The Miraculous Journey of Edward Tulane

The Miraculous Journey of Edward Tulane
Kate DiCamillo

I know, I know, lots of postings about children's books.  I promise, by weeks end, there will be postings about adult books (I'm almost done with a great one...).  This book was recommended to me by my dear friend the Rybrarian (Ryan Whitenack.  He's a genius, and I'm not just saying that so he'll continue to help me out on my grad school work.  The man makes me belly laugh constantly).  Although we did not have the same reaction to the book, I did thoroughly enjoy the book.  For one, the illustrations are fantastic, and I plan to look for other books illustrated by Bagram Ibatoulline.  Secondly, it is a great story about the trappings of vanity and the true meaning of love.

I will admit, I did not have a favorite doll growing up.  Yes, I had a few dolls that I really enjoyed, like Sally and my Ewok Wicket, but my heart always belonged to Woobie...my beloved baby blanket.  Truth be told, the original Woobie went to blankie heaven many many years ago.  And the day my mom told me we'd have to put Woobie down, I cried like I'd never cried before.  And in an act of unprecedented heroism, my older brother offered his Woobie in replacement.  I can honestly say that Woobie 2 has been my constant comfort for almost 30 years.  Yep, he still is the first thing I look for when I go to bed at night and the first thing I fold every morning when I wake up.

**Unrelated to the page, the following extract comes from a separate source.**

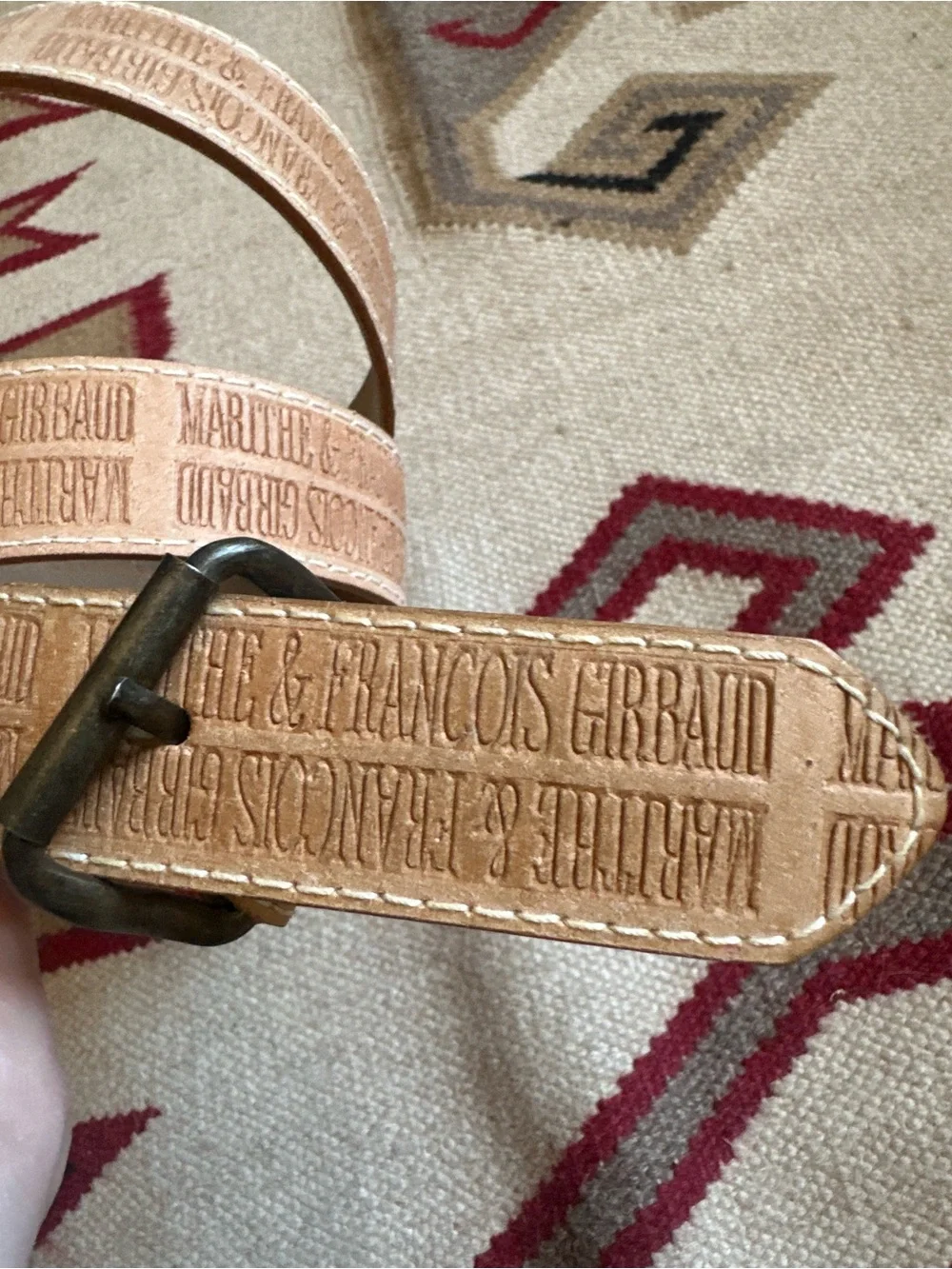 Vintage Marithe Francois Girbaud Tan Neutrals Spellout Designer Belt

Reading the Miraculous Journey of Edward Tulane makes me wonder what my Woobie thinks of me.  In the beginning of the book, Edward is far more concerned with himself than he is the undying love that Abeline gives him.  When he's lost at sea, his true adventures begin, and he learns that love is the most important thing.  Lucky for me, I've never lost Woobie at sea, but I have forgotten him in many a hotel room, and thus, he is now too old to travel.

I think one of the reasons I enjoyed this book is because, as an adult, we look at the things our children (or in my case, my nieces and nephews) cling to and wonder why on earth they get so attached.  But through this story, we realize that there is so much love in the world, and sometimes people, especially children, just don't have the outlets they need to give the love they have.  So they choose china rabbits, or even raggedy old blankets.  And it is through those seemingly inanimate objects that our children learn to love and care for something outside of themselves.

So I encourage all of you with children to read this book to them, because if nothing else, it will teach them that love is important, regardless of who you give it to.


  1. I got weepy just reading your posting of this book.

  2. Because I still sleep with a blankie, or because I'm so deep and thoughtful?